GP is within 8 degrees to 10 NM, although it can be certified for a higher range.
In practice this is irrelevant because you should never descend unless established (i.e., within half-scale deflection of the localizer).
What is more important is the vertical coverage, to avoid capturing a false glideslope.
Ibra wrote:
LOC: two directional signals from 2 antennas and you measure phase difference along the runway axis, you can only receive LOC in direct coverage area +/-2.5deg range (and reverse runway in back-course BC LOC as well, unless it’s Germany where they explicitly “hide” the back-course LOC signal to make sure you don’t fly it consciously or unconsciously)

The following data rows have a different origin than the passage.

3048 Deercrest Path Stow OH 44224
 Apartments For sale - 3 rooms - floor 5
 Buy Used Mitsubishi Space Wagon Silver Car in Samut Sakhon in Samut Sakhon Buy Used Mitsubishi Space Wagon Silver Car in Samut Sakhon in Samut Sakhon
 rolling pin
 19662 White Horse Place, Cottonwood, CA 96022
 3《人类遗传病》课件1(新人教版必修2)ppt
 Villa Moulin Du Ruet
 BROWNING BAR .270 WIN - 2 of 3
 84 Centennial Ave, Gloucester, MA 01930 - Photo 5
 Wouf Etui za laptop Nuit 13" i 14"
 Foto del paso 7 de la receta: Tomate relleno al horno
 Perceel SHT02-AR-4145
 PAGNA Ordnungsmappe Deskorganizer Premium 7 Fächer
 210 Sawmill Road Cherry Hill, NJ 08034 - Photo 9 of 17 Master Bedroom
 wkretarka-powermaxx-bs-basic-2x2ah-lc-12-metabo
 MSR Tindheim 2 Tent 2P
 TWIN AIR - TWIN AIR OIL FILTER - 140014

It’s not the phase difference that is measured by the ILS receiver but the relative strength of the two signals. The glidepath works the same way. It would not even make sense to measure a phase difference as the two signals have different frequencies – 90 and 150 Hz. The localiser and glidepath carriers are modulated with these two frequencies.
In case someone doesn’t know, what is referred to as the “ILS frequency” is actually only the localiser frequency. The glidepath (GP) transmitters use an entirely different frequency (see e.g. LeSving’s AIP excerpt above) but the LOC and GP frequencies are paired so it is sufficient to tune the localiser frequency.
At least in FAA-land the terminology GP (glide path) is used for GPS approaches and GS (glide slope) for ILS. A LOC approach doesn’t have vertical guidance.
172driver wrote:
At least in FAA-land the terminology GP (glide path) is used for GPS approaches and GS (glide slope) for ILS..
ICAO terminology is GP (glide path) for both.